Local firms advised on branding

Local companies should strengthen their branding to cope with the growing competition and also reap benefits of a single East African Community (EAC) economic block, Celestin Makuza Executive Director of TCL, an event management and advertising company has said. Rwanda’s entry into the EAC has led to an influx of regional brands in various sectors, increasing competition for market share.
Some of the products that are locally produced. (File photo)
Some of the products that are locally produced. (File photo)

Local companies should strengthen their branding to cope with the growing competition and also reap benefits of a single East African Community (EAC) economic block, Celestin Makuza Executive Director of TCL, an event management and advertising company has said.

Rwanda’s entry into the EAC has led to an influx of regional brands in various sectors, increasing competition for market share.

“Despite great improvements in some local companies, we still lag behind if we are to compete fairly on regional and global markets,” Makuza said, adding that with a lack of brand recognition, local firms are having difficulties in attaining globalisation.

“Branding comes at a cost. Rwandan companies should get the corporate feel and avoid working behind doors.” 

He said in an interview with Business Times that companies need to identify products that are not produced in the region and also enhance on their marketing strategy if they are to succeed in expanding their presence in regional and global markets.

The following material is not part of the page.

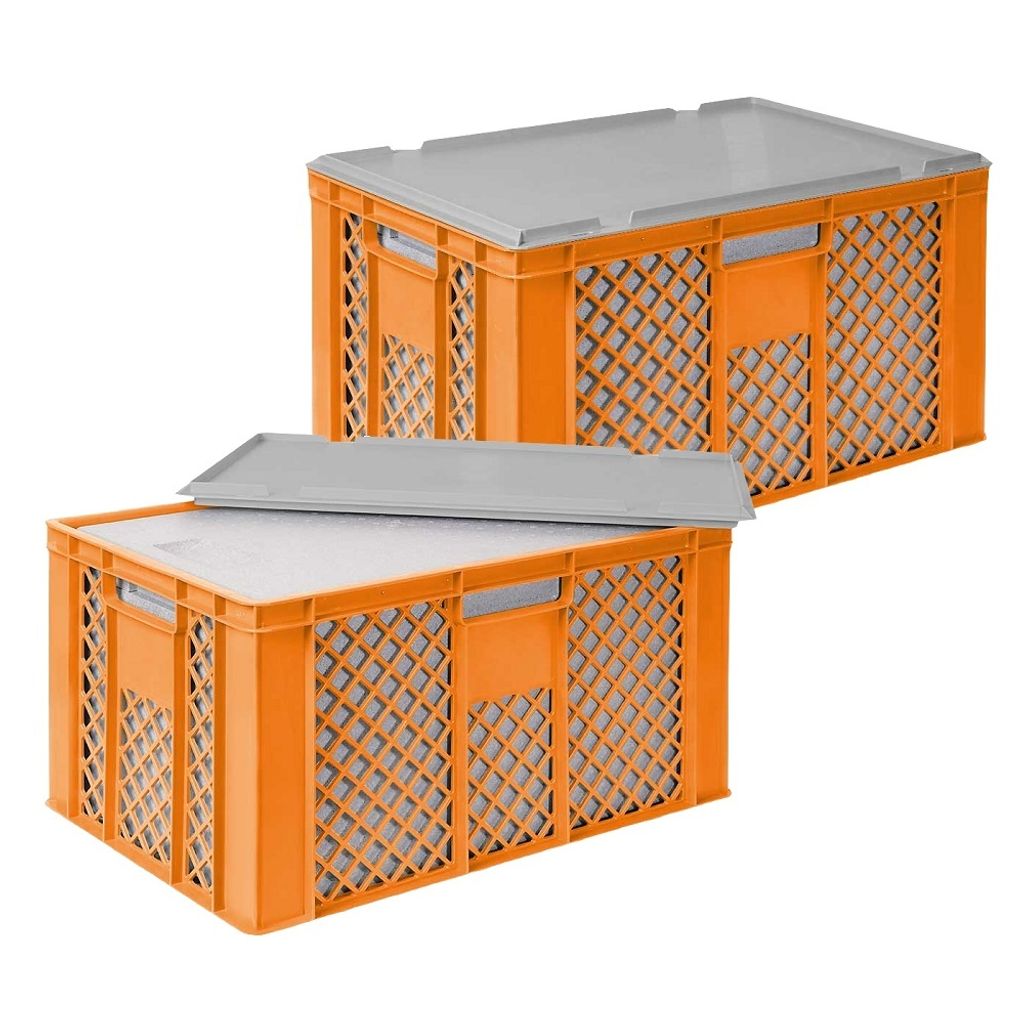 2x 31,6 Liter Thermobox EPS in Eurobox durchbrochen 600x400x320 mm, orange + Deckel, grau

Raj Rajendran, Managing Director of Utexrwa says that given the fact that today’s consumers are showing a stronger preference for originating country other than the company, Rwanda as a country should be branded.

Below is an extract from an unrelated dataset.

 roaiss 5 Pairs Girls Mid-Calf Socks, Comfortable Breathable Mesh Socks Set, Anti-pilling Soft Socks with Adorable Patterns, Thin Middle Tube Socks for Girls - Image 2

“Branding Rwanda is the famous brand. Some products are selling high because they are made in Japan or Germany,” Rajendran said.

Victor Kinuma Marketing executive of Inyange industries said that his company is ready to compete and explore regional markets with high quality products that are affordable and available to consumers.

Recently, the company launched a new plant with a capacity that meets the local demand. It has plans to export to the neighbouring countries, especially in EAC.
Some local firms are also rushing for ISO certification in a bid to cope with the growing competition.

Cally Alles, the Director General of Sorwathe, a tea factory said that obtaining the ISO and Rwanda Bureau of Standards Fair-trade Certification was a milestone
He said the company targets to add value to its green tea, roasted and tea bags as it eyes the Kenyan market.

Natarajan Agaram, Finance Manager of Sulfo Rwanda said the company has acquired the ISO 9001 of quality management system and ISO 22,000, a certification for food safety which gives. He says this gives them confidence to explore new markets.